When asking both small, medium sized and national museums about wildcats the responses are all the same: only Scottish wildcats if any and all post 1900. Yes, because they were 'vermin' the felicide continued even as the 'sportsmen' were noting how the numbers were decreasing and that it looked as though the cat might become extinct. And all without fail have the Museum Specimen type.

The same applies to Old type foxes -the Greyhound/Hill or mastiff/bulldog and cur or common fox. Nothing. Just a few masks (heads) or post 1900 specimens. 

Let me put this into perspective: museums were paying top money or fawning over some gent or lady donating a specimen of any animal but for our pursoses let's say leopards, lions, pumas et al.  They were exotic and an attraction and if such-and-such a museum had one well, what would people think of some little climber curator's own museum if he did not have a better specimen? This was not about learning or education. This was about putting on a "respectable" show without the smell and dirt of the travelling menageries (which I could write a book about but don't panic -not here!).

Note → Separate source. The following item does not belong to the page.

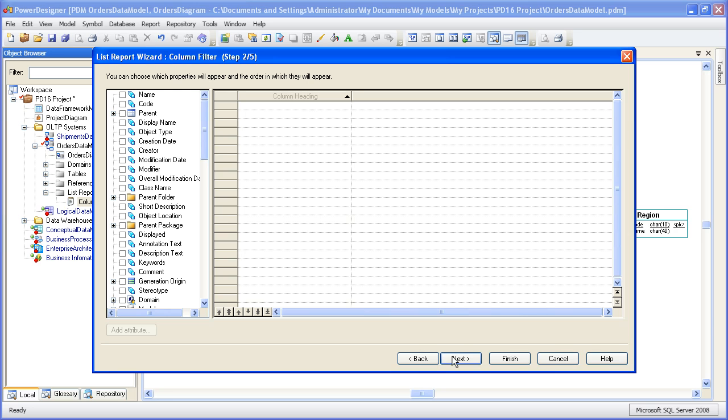And what length are those data types, and maybe what table does the column actually belong to. So these are all characteristics we can select about a column.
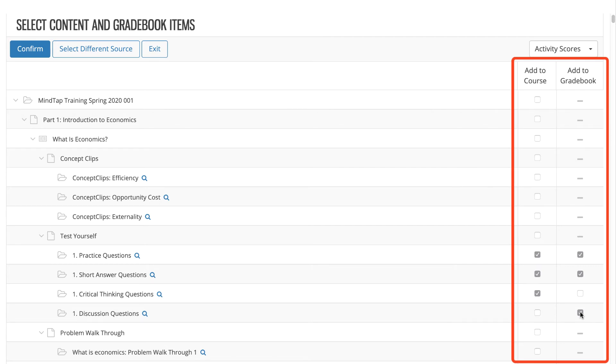You can select as many items as you'd like at one time. However, keep your course organization in mind so that you don't have an excessive amount of links on any page.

"Thinking 'bout donatin' the blasted tiger I got in Bengal to the Umpty Museum!"

"Oh, but Colonel Fartarson we could make your magnificent trophy a far better show -perhaps even a brass plaque thanking you for the donation-?"

Go to a museum with old specimens and you'll see the brass plaques!

If you go into the stores of any big museum you will see, safely under plastic sheeting like some 1980s collectible toy, many things from full taxidermies to skulls and skeletons that have never been put on display as they are hoarded -"We don't have the room". I visited Bristol City Museum since a child and in the decades sinvce the Natural History section has never changed. When I went into the museum store I could  hardly breathe at what was in it -including specimens the museum didn't know it had including a lynx I found there in 1988. This would be the same all around the country.

But where are the native animals killed off in their thousands? Buckland the famous naturalist (ie 'sportsman') noted how some gentlemen required proof that their gamekeepers had been doing the job they were paid for and not slacking. For this reason any birds or mammals killed were strung up outside the gamekeepers house or inside. Buckland noted (for a short period of 'work') the heads of fifty (50) nailed up on the wall. Every gamekeeper would have similar proof of a "job well done". Shot, snared or killed any way the keepers wanted.

Felicide was in full swing so why is it that all the museums only have Scottish wildcats not English (native) ones?  Well, Buckland again notes that he suspected that the reason keepers had such good fruit and vegetable crops was because of "the nutrition the soil was getting" -wildcats and other animals making good fertiliser and that included any wandering pet dog or cat that annoyed the gamekeeper (there was a reason many were disliked locally). The cats were 'vermin' (that word used by pro hunt folk which is nonsensical but they feel justifies their killing). Who wants a display of 'vermin'? But the Scottish wildcat looked "magnificent" and only the ones that conformed to what the major museums had as anything else would be "poor grade".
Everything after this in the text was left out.